Therefore, the composite material 12 in FIG. 1 comprises WC particles in a NiTi alloy matrix. From 20 to 33 volume percent of the composite is WC particles, with the remainder of the composite being a matrix of essentially NiTi alloy comprising from 53 to 62, and preferably from 54 to 58, and most preferably about 55 weight percent nickel, with the remainder of the alloy being essentially titanium. The NiTi alloy wets and bonds well to the WC particles and forms a tough, ductile matrix. The composite is easily hot worked and shaped. The WC particles are from more than 0.6 mm to less than 2.0 mm (-10 +30 mesh) size.
The stainless steel outer casing 14 is designed to protect against chemical attack and bolt cutters. Selection of the stainless steel material is critical to resistance against bolt cutters. For instance, a 1/2 inch composite bar fabricated with an outer casing of AISI 304 stainless steel can be cut with a 24-inch bolt cutter. It is well known that the defeat of bolt cutters is achieved by fracturing their cutting edges. Case hardening is required to achieve this. In view of this, a promising material for the outer casing is Class A 286 (a variant of class 310) stainless steel. This material has good hot strength, good cryogenic ductility, and can be work hardened and aged to Rc 45 hardness.
It should be emphasized that the novel feature of the present invention lies in the use of the WC particle/TiNi alloy composite 21 in the padlock shackle. Selection and testing of stainless steel materials for the outer casing 14 which are resistant to bolt cutters lies routinely in the state of the prior art. Even without such a material, padlock shackles according to the present invention offer improved protection where the shackle can be reached by a saw blade but not a bolt cutter.
A bar of WC particles/NiTi alloy encased in stainless steel was fabricated and hot worked into a U-shape. No fractures were detected. However, when the bar was struck several times with a ball peen hammer it broke. This problem was corrected by using a tougher grade of WC particles containing 12 weight percent cobalt and (see FIG. 1) by incorporating a tough, ductile NiC core rod 10 within the WC particles/NiTi alloy composite 12. Preferably the WC particles contain 11 to 14 percent of cobalt.

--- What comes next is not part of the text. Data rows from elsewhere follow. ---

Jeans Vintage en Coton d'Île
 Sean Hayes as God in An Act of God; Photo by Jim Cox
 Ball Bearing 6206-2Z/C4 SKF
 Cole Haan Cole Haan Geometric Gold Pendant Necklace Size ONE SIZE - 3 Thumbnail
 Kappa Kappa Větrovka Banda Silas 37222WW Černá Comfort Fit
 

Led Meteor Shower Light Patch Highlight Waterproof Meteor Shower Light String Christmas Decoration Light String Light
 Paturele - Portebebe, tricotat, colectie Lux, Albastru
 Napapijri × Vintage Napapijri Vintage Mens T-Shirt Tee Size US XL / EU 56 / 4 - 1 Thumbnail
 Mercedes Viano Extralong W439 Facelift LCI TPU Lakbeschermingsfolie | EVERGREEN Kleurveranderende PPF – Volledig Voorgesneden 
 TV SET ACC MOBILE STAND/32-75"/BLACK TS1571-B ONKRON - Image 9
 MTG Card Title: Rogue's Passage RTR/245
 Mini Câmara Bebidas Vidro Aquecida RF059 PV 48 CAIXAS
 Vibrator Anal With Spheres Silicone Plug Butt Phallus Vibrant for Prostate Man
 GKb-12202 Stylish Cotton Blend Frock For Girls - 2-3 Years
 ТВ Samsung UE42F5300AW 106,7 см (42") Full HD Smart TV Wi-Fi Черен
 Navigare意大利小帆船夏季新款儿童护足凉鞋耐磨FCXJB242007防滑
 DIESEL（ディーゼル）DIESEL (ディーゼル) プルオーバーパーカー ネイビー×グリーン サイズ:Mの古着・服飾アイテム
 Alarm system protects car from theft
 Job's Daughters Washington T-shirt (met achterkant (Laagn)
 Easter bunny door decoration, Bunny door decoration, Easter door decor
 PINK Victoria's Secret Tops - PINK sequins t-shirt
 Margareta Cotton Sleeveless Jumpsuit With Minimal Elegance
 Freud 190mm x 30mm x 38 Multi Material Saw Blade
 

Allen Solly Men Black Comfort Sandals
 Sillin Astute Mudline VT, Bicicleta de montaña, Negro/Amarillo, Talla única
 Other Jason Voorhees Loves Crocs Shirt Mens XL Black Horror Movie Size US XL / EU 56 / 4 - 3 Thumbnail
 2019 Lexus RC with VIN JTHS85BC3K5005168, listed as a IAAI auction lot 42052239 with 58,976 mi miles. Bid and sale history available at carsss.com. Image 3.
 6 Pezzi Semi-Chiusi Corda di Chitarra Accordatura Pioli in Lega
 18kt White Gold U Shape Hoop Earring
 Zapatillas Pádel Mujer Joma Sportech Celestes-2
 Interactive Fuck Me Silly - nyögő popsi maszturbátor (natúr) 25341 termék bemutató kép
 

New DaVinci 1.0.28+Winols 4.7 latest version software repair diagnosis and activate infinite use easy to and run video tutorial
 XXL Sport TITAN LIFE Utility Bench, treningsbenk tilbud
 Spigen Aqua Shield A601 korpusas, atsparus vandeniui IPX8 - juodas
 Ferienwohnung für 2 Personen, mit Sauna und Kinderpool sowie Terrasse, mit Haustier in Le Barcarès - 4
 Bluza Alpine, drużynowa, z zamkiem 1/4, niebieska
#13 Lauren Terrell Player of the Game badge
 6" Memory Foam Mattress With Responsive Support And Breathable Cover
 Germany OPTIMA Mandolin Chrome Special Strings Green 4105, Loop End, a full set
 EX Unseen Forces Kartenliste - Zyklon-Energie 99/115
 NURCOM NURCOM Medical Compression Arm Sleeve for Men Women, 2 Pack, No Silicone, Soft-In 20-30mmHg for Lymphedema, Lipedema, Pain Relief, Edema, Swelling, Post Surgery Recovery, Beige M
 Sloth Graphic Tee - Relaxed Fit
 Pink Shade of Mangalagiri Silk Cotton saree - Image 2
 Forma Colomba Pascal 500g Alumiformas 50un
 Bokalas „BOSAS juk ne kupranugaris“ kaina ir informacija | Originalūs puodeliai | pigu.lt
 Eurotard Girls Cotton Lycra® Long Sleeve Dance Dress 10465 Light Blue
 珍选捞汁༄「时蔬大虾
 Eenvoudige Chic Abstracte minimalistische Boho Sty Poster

Referring to FIG. 2, a mixture of the WC particles and NiTi alloy particles 12 is placed around a NiTi alloy core rod 10 in a flexible container 16 (i.e., elastomeric dam). Rubber stoppers 18 seal the container 16 and hold the NiTi core rod 10 in place. The WC particles are from more than 0.6 to less than 2.0 mm (-10 +30 mesh) in size. The WC particles are considerably more dense than the nickel-titanium alloy particles, and they tend to separate out during the blending step. As a result, it is preferably to use a mixture of large and small nickel-titanium particles, with the small particles comprising from 50 to 70 volume percent and the large particles the remainder. The large particles are flakes of up to 1/4 inch in length by less than 0.002 inches thick. The small particles are -60 mesh (less than 0.25 mm) and preferably -100 mesh (less than 0.149 mm) in size. The flakes by interlocking trap and keep the much heavier WC particles from separating out. The small nickel-titanium alloy particles fill in the space left between the large particles. Note that after the hot working step, the nickel-titanium alloy will be in the form of a single metal matrix. The mixture of particles 12 is cold isostatically pressed to form a green preform with the NiTi rod 10 in its center. The cold isostatic pressing is accomplished by putting the stopped flexible container in a hydraulic fluid (e.g., oil) medium at high pressure. An isostatic pressure of 60,000 psi produces poor results; 80,000 psi, fair results; and 120,000 psi, excellent results. The isostatic pressure applied in this step is 100,000 psi or more, and preferably 120,000 psi or more. The upper limit of pressure applied is limited by practical factors such as costs, limits of the equipment, etc.
Referring to FIG. 3, the green composite 28 comprising the compressed TiC/NiTi powder 12 and NiTi core rod 10 is placed inside of a stainless steel can 14. Note that the stainless steel can 14 will form the outer casing of the shackle. As FIG. 3 illustrates a number of preform assemblies 28 are placed in the stainless steel can 14 and are separated by mild spacers 20. A steel plug 22 is placed in the can 14 at the open end. The can 14 is welded (welds 26) shut and evacuated by a mechanical vacuum pump through the evacuation tube 24 to a pressure of less than 100 microns and preferably less than 25 microns. The evacuation tube 24 is then welded shut to seal the can.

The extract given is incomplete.